Find all the fraudsters: Tax probes need to happen

by Froma Harrop

Hunter Biden says his tax affairs are under investigation. The president-elect’s son says he is “confident” the probe by the U.S. attorney’s office in Delaware will find no wrongdoing.

Fine. We shall see.

A few things to unpack here. First, inquiries into possible tax fraud should be welcome. When some people cheat on their taxes, those who don’t have to cover for them.

At the same time, Joe Biden’s 50-year-old son is not Joe. Any tax issues he has are his, not his father’s.

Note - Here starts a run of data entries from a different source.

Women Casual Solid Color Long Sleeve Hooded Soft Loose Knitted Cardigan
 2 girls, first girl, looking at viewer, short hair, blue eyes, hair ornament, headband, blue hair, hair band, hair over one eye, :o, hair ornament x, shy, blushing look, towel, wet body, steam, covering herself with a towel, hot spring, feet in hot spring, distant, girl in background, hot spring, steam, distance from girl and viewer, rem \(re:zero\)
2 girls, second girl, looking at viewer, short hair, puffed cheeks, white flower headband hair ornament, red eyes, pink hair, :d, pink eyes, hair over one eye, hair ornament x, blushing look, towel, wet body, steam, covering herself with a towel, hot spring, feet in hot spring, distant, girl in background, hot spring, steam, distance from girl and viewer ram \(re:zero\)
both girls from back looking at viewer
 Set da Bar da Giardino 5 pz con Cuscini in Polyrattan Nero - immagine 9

President Donald Trump has tried mightily to link Hunter’s business dealings with Chinese and European tycoons to Joe, and the investigations have come up empty. He’d undoubtedly love to tie Hunter’s tax issues into one public-confusing package.

Attorney General William Barr has rejected Trump’s demand for a special counsel to investigate Hunter. He says that scrutiny of Hunter’s activities is “being handled responsibly and professionally.” Meanwhile, The Wall Street Journal, which has been scouring Hunter’s business ventures, concluded, “None of the Journal’s reporting found that Joe Biden was involved in his son’s business activities.” The tax probe doesn’t implicate Joe either.

All this said, it was not OK that Hunter used his powerful political name to rake in cash from foreign tycoons. It was not OK that he used his family ties to score a discounted stake in a Chinese private equity venture or various lucrative consulting deals. Or that he sold himself as the guy who could grease entry into the Washington power structure.

And Joe should have stopped it. There was nothing in Hunter’s biography — which included drug and money problems — that would have prompted these foreign interests to hire him for his talents. Two Obama administration officials aired concern that Hunter’s seat on the board of Ukrainian natural gas company Burisma would leave the appearance of a conflict of interest. Senate Republicans looked hard for evidence that Joe Biden altered U.S. policy in Ukraine for his son, and found none. Still, appearances matter.

Of course, Biden’s missteps in letting a family member profit off his Washington connections pale in contrast to the Trumps’ brazen self-dealing. In that case, you don’t even know where to start.

Imagine the outrage if Biden were to let Hunter stand in for him at a G-20 meeting, as Trump let his daughter Ivanka do. In 2018, China fast-tracked 18 trademarks to companies linked to Trump and Ivanka — you know, those sunglasses, handbags and shoes.

Then there was son-in-law Jared Kushner, Trump’s senior adviser. Vanity Fair reports that Kushner set up a shell company into which Trump fans are still pouring money. Its apparent purpose was to avoid federally mandated disclosures of campaign spending, much of it heading to Trump family pockets. The company’s first president was Eric Trump’s wife, Lara. Its first vice president was Vice President Mike Pence’s nephew John Pence.

Back on the tax fraud front, state prosecutors in Manhattan are ramping up efforts to obtain Trump’s personal and corporate tax returns. They are looking into possible insurance fraud, bank fraud and tax fraud. If they find culpability, Trump could face criminal charges.

Any pardons that Trump might grant himself and his children could shield them from federal prosecutions, but not state ones. Former Trump lawyer Michael Cohen has already testified that Trump inflated the value of his assets to his lenders and then deflated them to cut his real estate taxes. Both practices are illegal. Also under investigation are millions in tax write-offs for consulting services, some apparently for work by Ivanka.

Let’s find all the tax cheats. Do it for we who’ve been paying both our taxes and their taxes.